Visiting Columbia IEOR Dept
Researchers of interest to us are hidden in many depts in a typical university (CS, IS, OR, Business, EE, whatever), some even 100 city blocks uptown. I visited the Industrial Engineering and Operations Research dept at Columbia U, and presented an hour long talk on Ad Exchanges. I bring a CS/Algorithms perspective to problems, but the researchers in OR/Stochastic optimization have different perspective that will be particularly useful for problems in AdX and I look forward to learning from them.

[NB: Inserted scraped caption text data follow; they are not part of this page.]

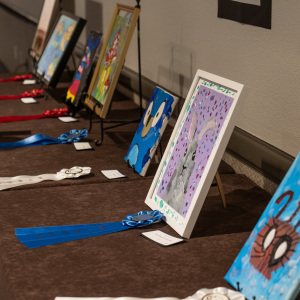 050925-CAS-art-show-candid-202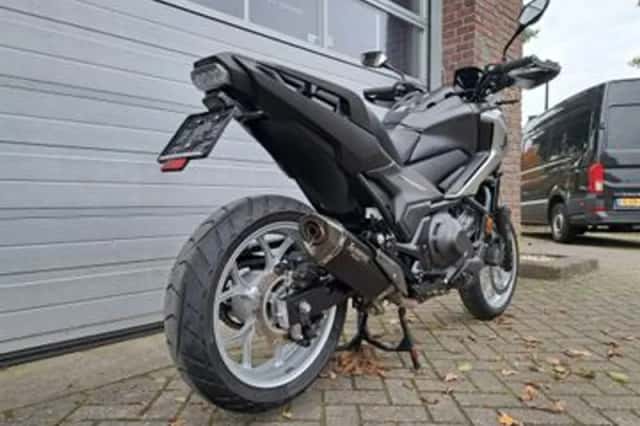 Honda NC750X (2017) thumbnail 3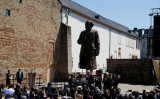 マルクス生誕の地であるドイツ・トリアーに、マルクス像が中国共産党より寄贈された。5日には除幕式が行われた（Wolfgang Rattay/Reuters）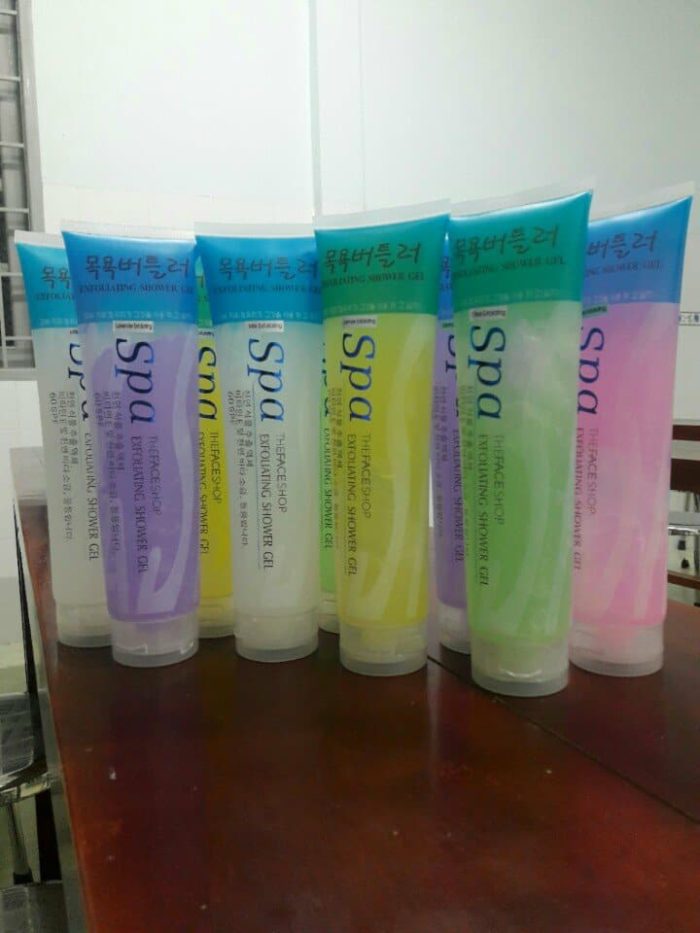 kem tay da chet spa exfoliating shower gel 1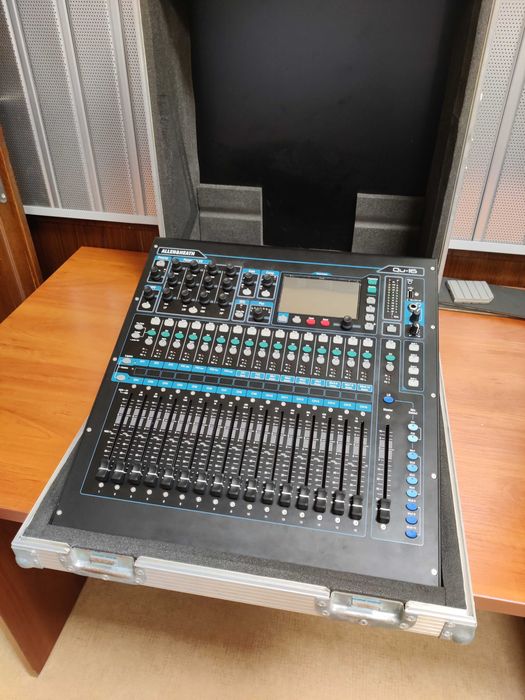 Allen & Heath Qu-16 цифров смесителен пулт с твърд кейс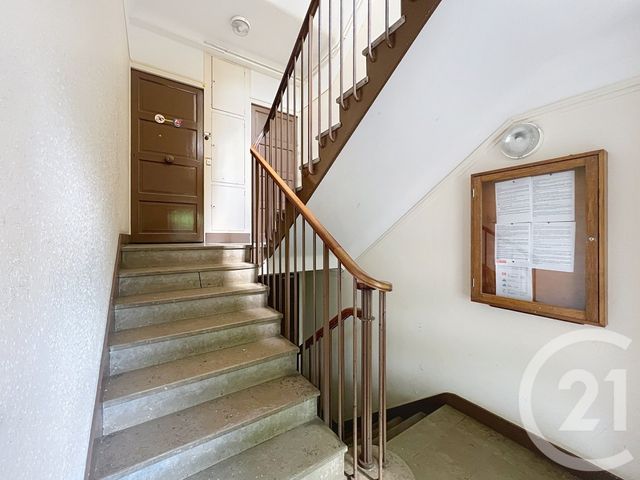 Afficher la photo en grand Appartement F3 à vendre - 3 pièces - 67.3 m2 - MONTEREAU FAULT YONNE - 77 - ILE-DE-FRANCE - Century 21 Martinot Immobilier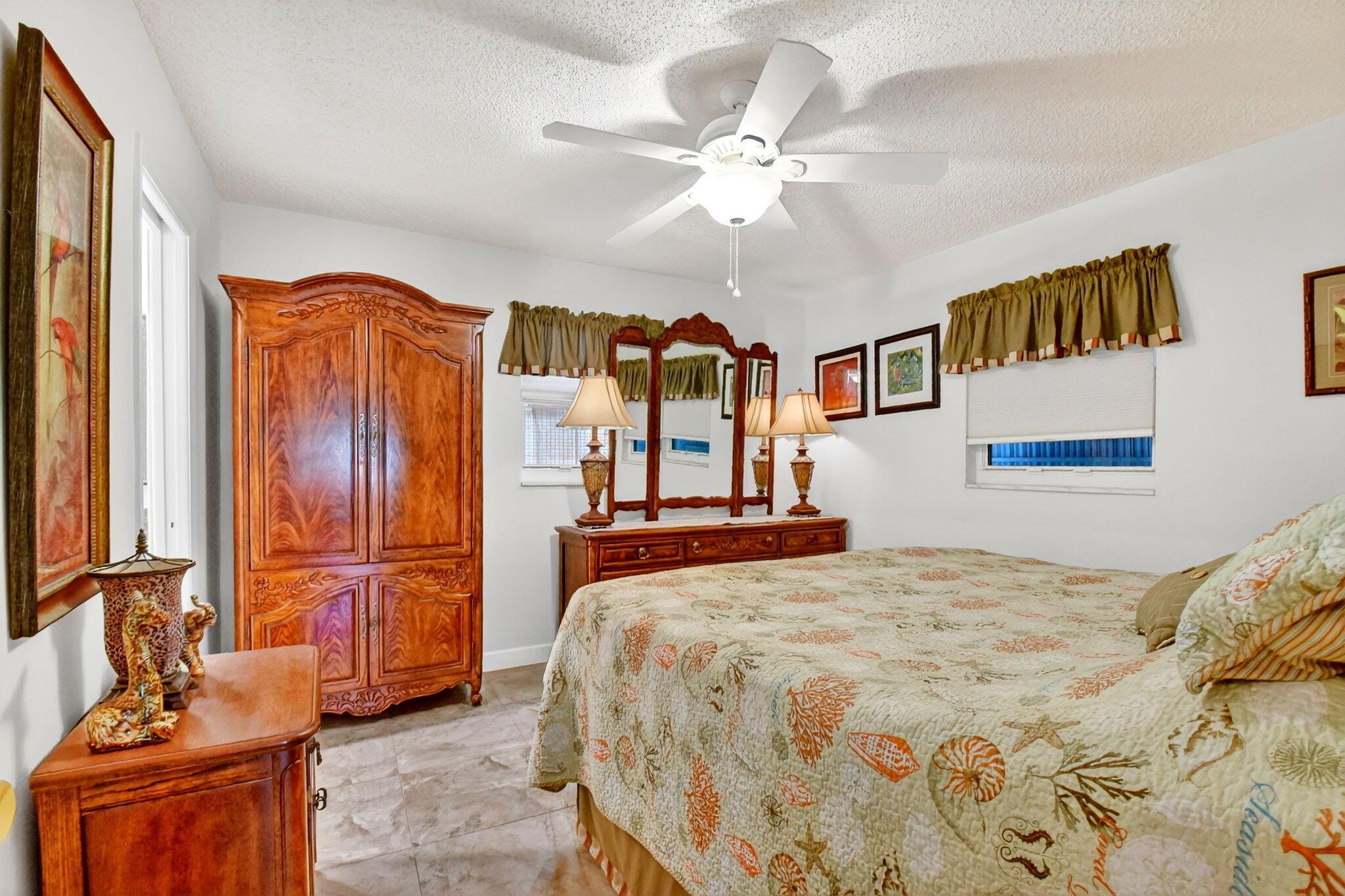 PALM BEACH LEISUREVILLE S - Residential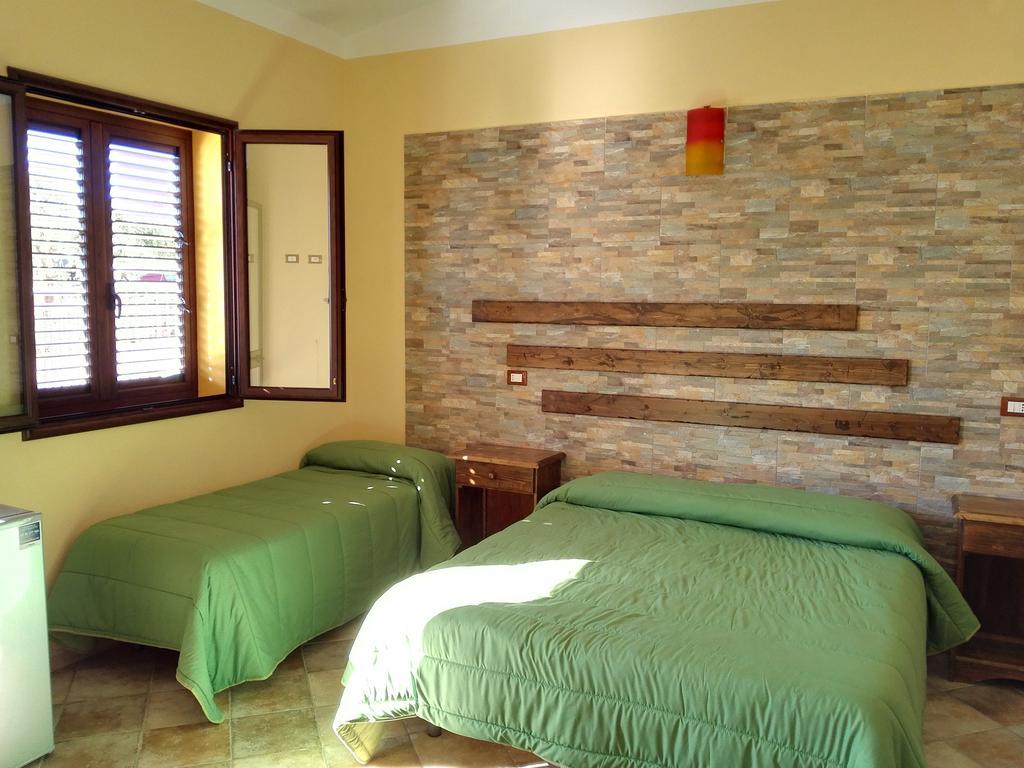 Agriturismo La Targa Buonfornello الغرفة الصورة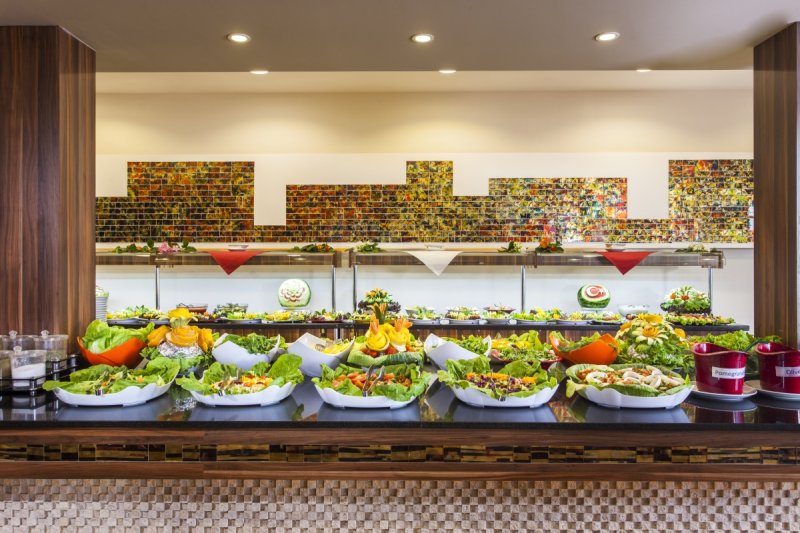 Alanya utazás Kleopatra Ada Beach Hotel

- Nicolas Stier: Spoke about nonlinear optimization with complements and relationship to transportation systems; endogenizing smooth cost functions a la Klemperer's work on supply function equilibria; principle agents problem and contract theory for employer-employee relationship; models for net neutrality.
- Mariana Olvera, Assaf Zeevi and Ciamac C. Moallemi, over lunch. Relative sizes of display markets.
- Santiago Balseiro: Stochastic control modeling of AdX optimization problems.
- Mariana Olvera: Stochastic recursion and explanations for power law distribution of PageRank based on indegrees. Mariana noticed that short ads are repeated sometimes to fill in long slots, ad scheduling can do better.
- Vineet Goyal: Stochastic versions of query optimization problems. Electricity markets.
- Chris Wiggins: Applied mathematician, physicist, machine learner, computational biologist and more. Among other things, we managed to catch up on Mark Hansen's sabbatical at NY Times R&D and art installations.
- Jay Sethuraman: Reminisced about a SODA talk long time ago on combinatorial approach to computing determinants.
- Garud Iyengar: He pointed out that AdX standardizes the goods that are traded in spot auctions, and we discussed how to standardize goods to trade in futures market and pricing challenges.
- Garud Iyengar and Victoria Stodden ( a CS PhD + law, combining sparse approximation and legal/policy aspects of data, both of great interest to me): Dinner conversation on challenges with NSF's new data sharing policy.